◆ INPUT MATERIAL ◆

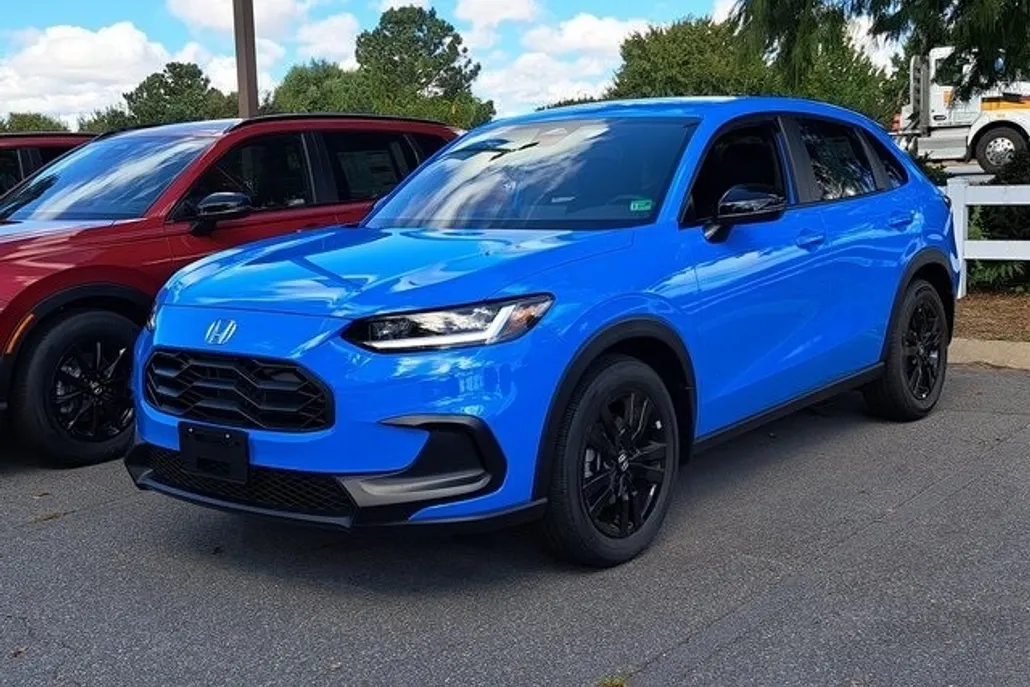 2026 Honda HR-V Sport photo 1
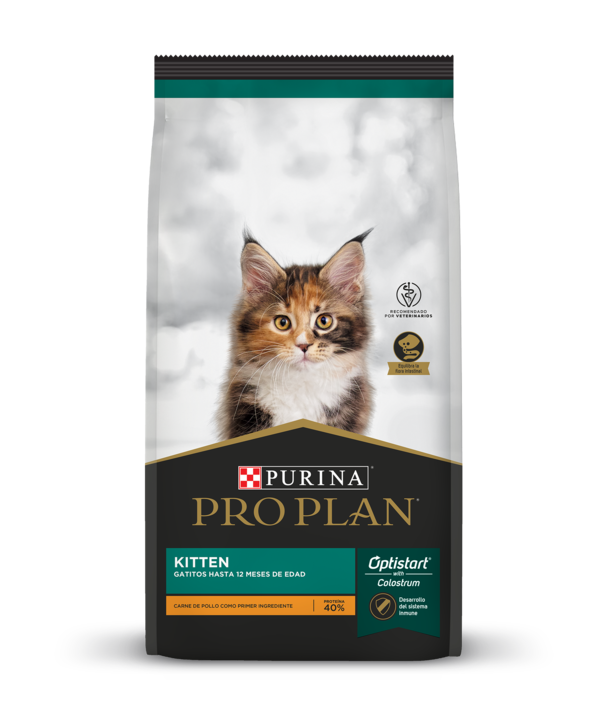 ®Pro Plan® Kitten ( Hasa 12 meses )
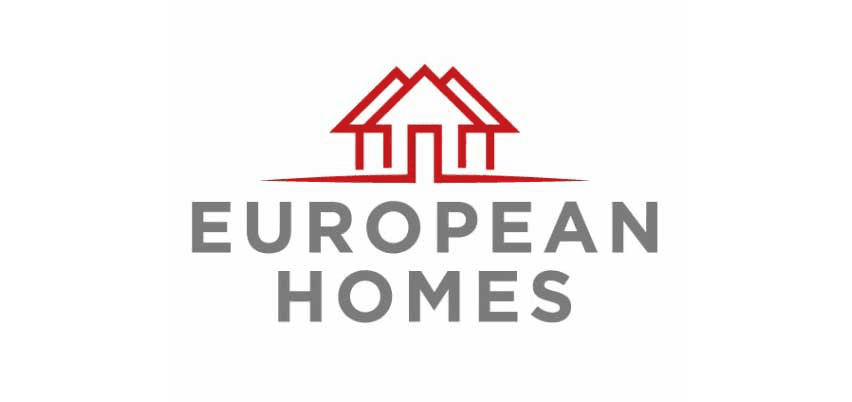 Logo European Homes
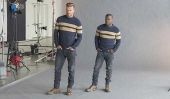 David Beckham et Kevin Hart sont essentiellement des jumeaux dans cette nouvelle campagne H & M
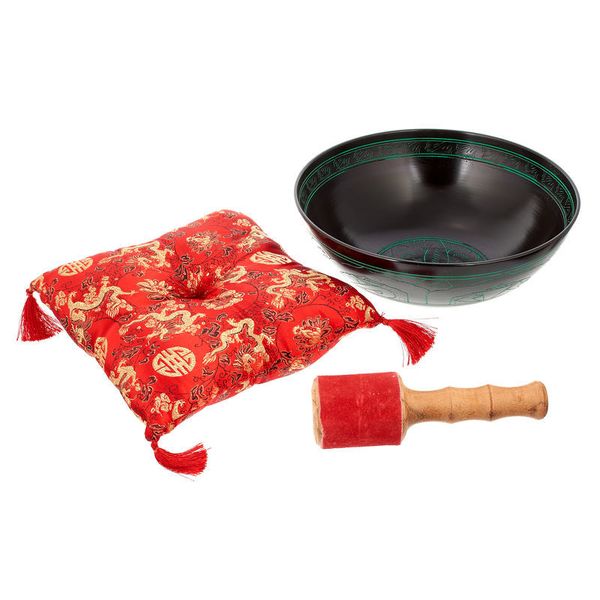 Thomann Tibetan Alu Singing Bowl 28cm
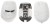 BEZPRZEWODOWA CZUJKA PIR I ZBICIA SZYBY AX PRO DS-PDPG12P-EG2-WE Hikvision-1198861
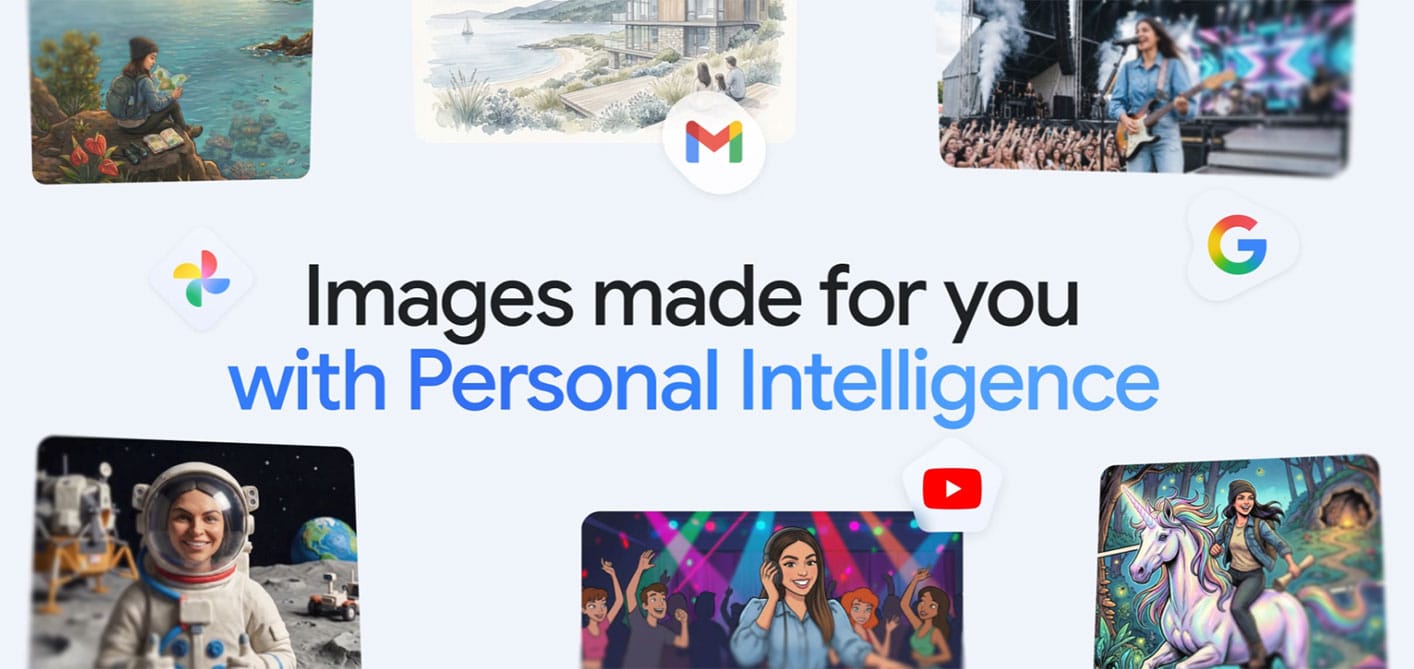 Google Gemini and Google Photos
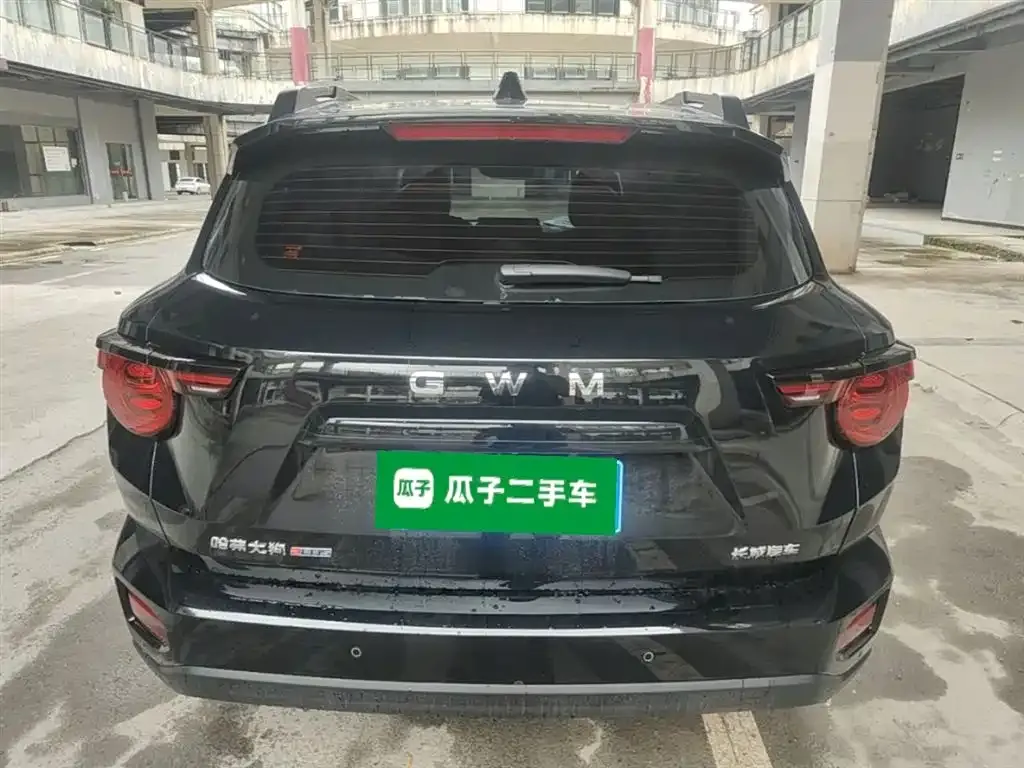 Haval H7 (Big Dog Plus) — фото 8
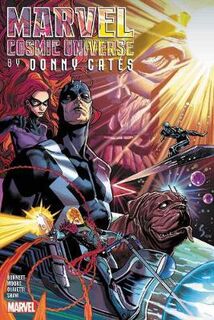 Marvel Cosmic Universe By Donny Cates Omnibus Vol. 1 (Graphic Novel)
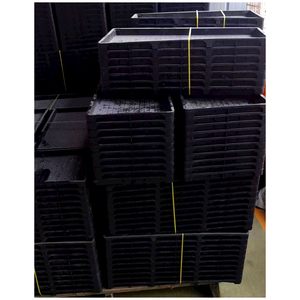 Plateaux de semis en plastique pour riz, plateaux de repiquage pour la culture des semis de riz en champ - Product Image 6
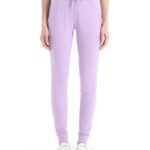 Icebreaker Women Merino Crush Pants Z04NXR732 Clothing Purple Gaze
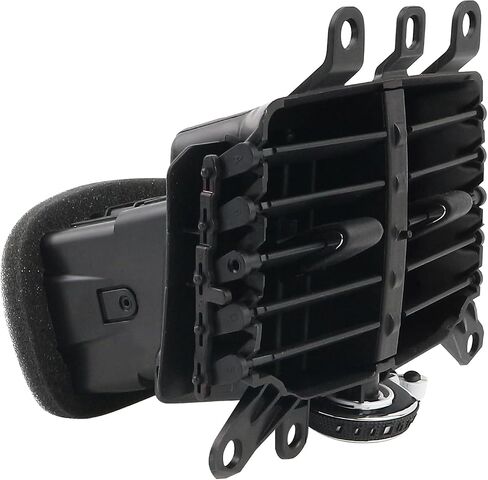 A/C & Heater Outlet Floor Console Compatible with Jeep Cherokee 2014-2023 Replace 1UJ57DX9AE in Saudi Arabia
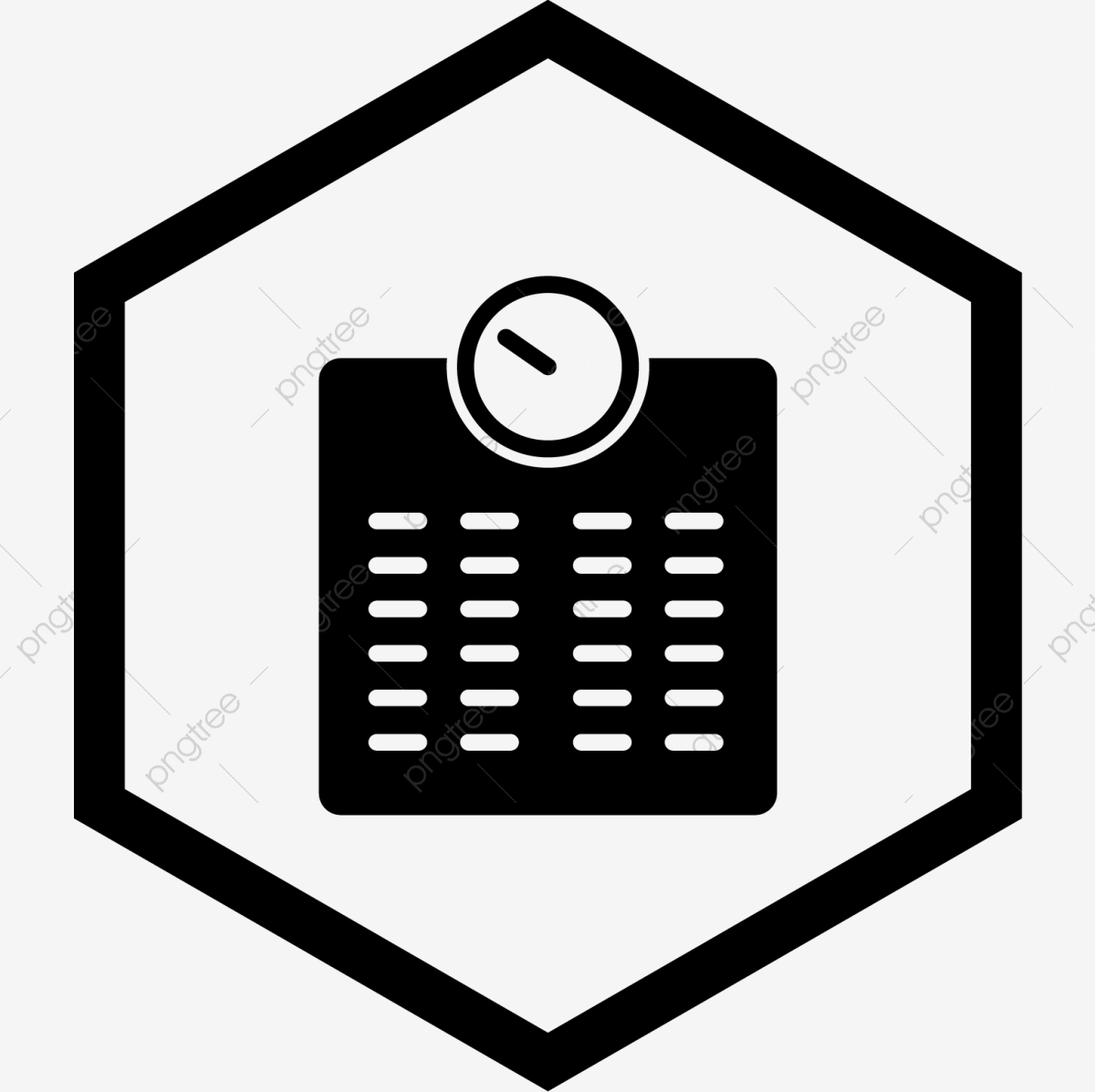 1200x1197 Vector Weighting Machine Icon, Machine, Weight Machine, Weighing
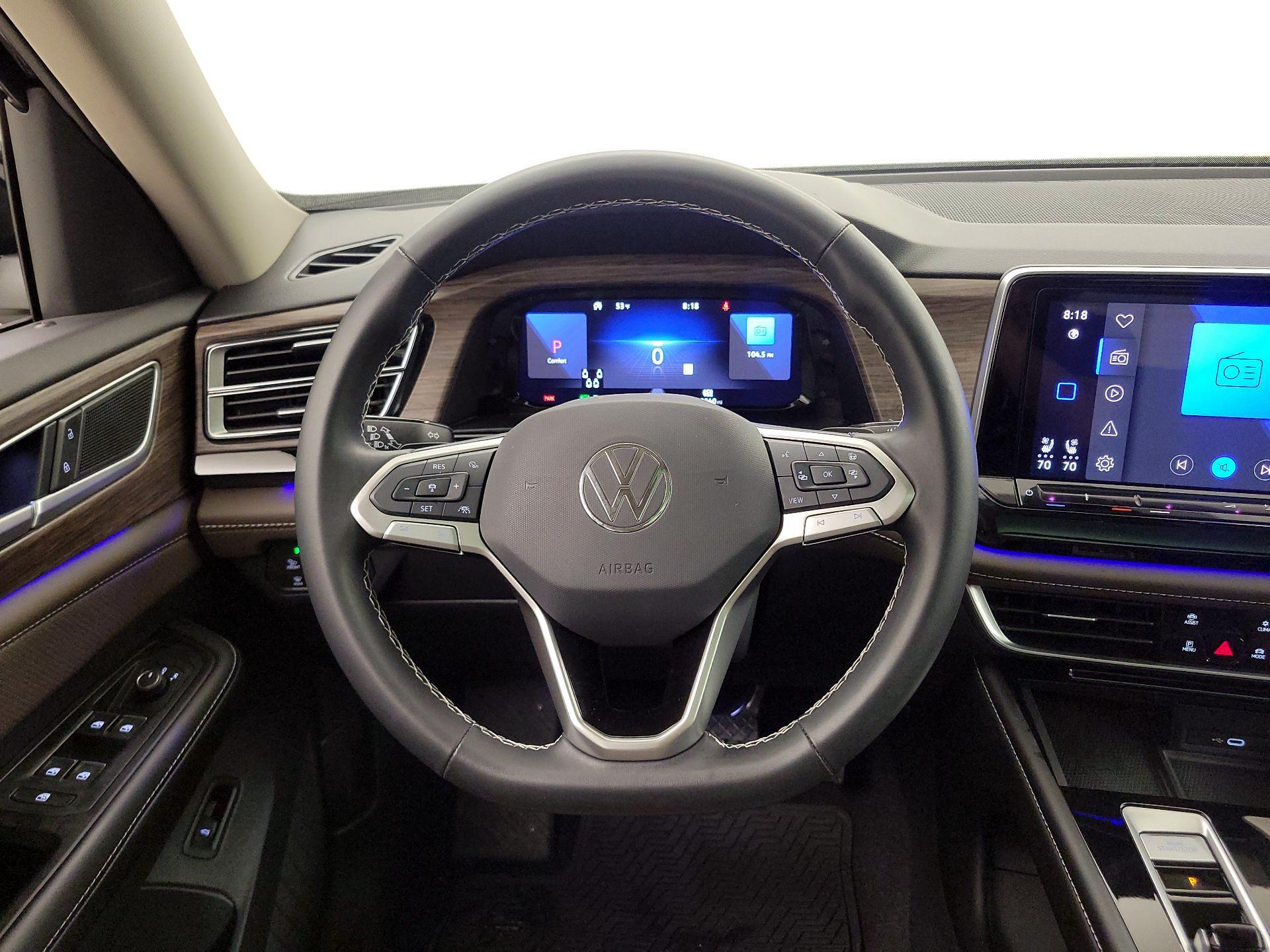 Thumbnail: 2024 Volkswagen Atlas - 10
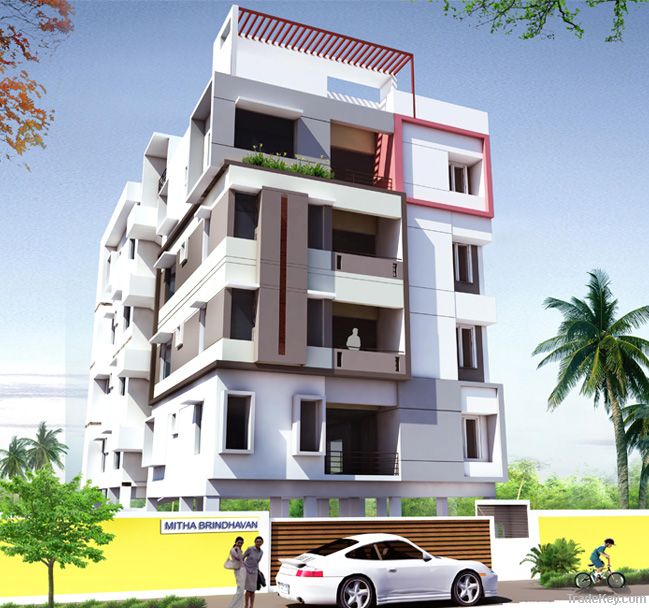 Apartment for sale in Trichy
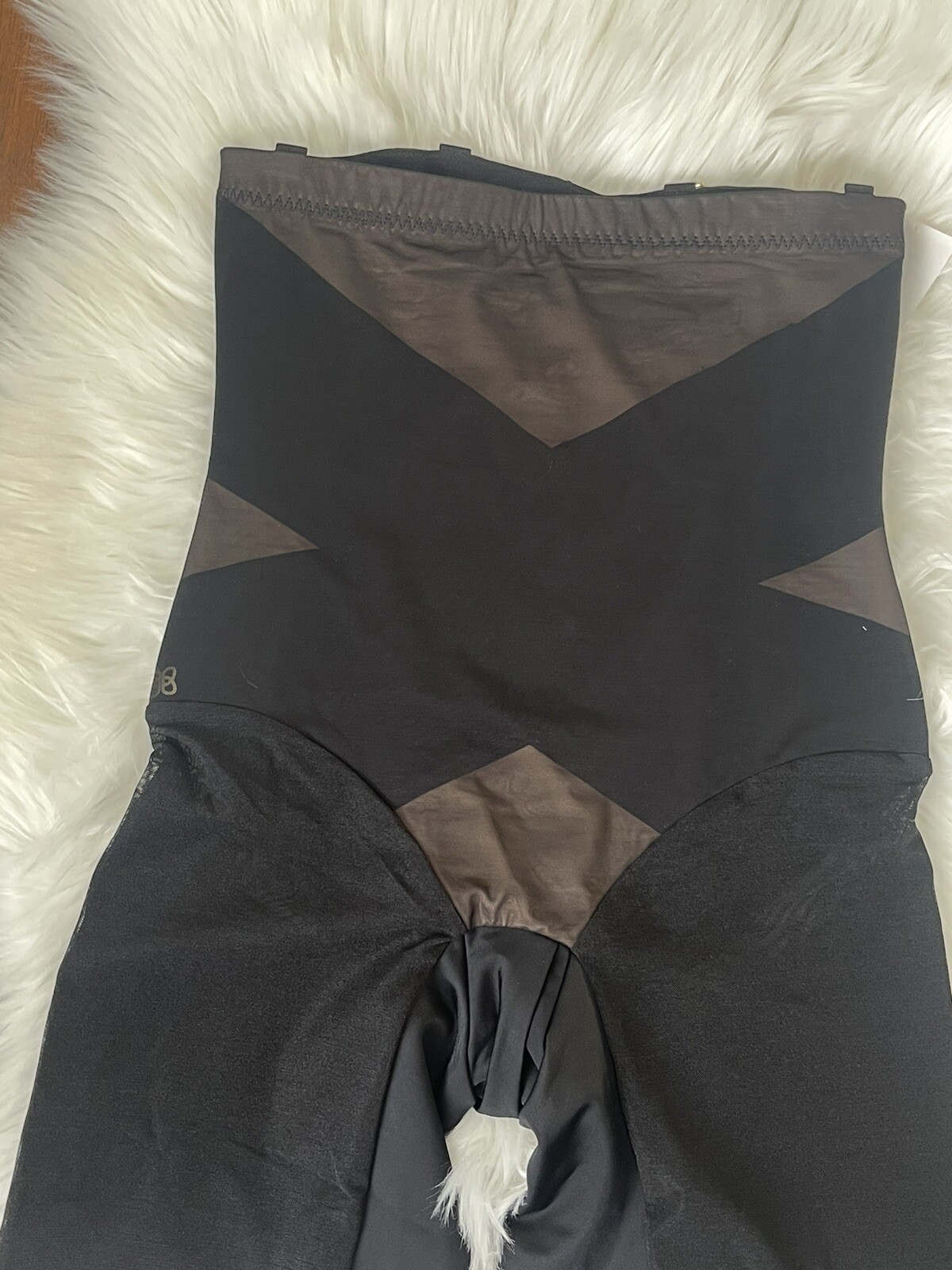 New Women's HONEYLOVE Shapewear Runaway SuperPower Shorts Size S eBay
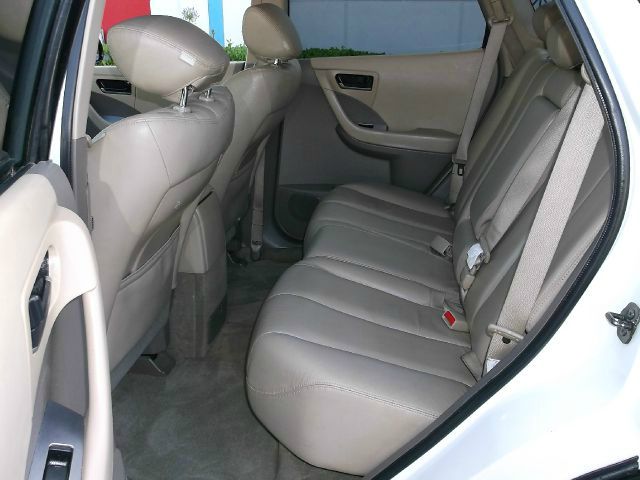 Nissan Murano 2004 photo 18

◆ WHAT YOU WILL DO ◆
Every line from the one with "New Women's HONEYLOVE" through the end of the records above belongs in the answer, copied exactly; no picture does.

◆ SOLVED EXERCISE ◆
 New Women's HONEYLOVE Shapewear Runaway SuperPower Shorts Size S eBay
 Nissan Murano 2004 photo 18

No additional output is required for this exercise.